## Aim of the exercise
Restate word for word the entries below, starting with the line with "20 peças Mini" and continuing through the line with "3pcs Tropical Leaves". Include both of those lines and no others.

## Source material
....................
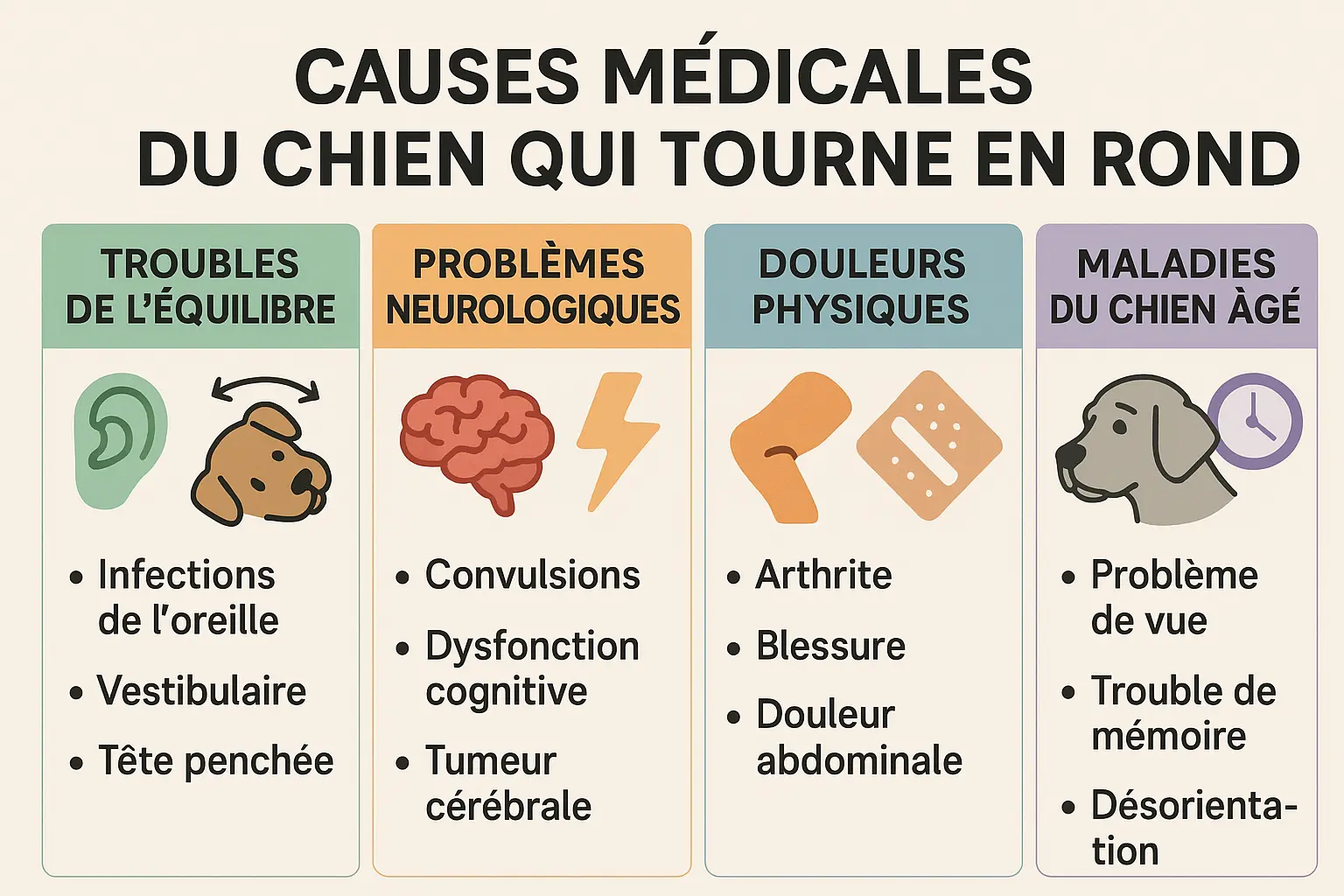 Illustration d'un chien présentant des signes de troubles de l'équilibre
....................
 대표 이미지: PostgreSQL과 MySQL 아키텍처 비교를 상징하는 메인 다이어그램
....................
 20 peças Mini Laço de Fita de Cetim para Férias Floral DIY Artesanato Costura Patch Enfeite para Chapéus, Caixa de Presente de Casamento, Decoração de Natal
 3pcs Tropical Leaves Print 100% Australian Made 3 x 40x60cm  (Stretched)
....................
## Output below
 20 peças Mini Laço de Fita de Cetim para Férias Floral DIY Artesanato Costura Patch Enfeite para Chapéus, Caixa de Presente de Casamento, Decoração de Natal
 3pcs Tropical Leaves Print 100% Australian Made 3 x 40x60cm  (Stretched)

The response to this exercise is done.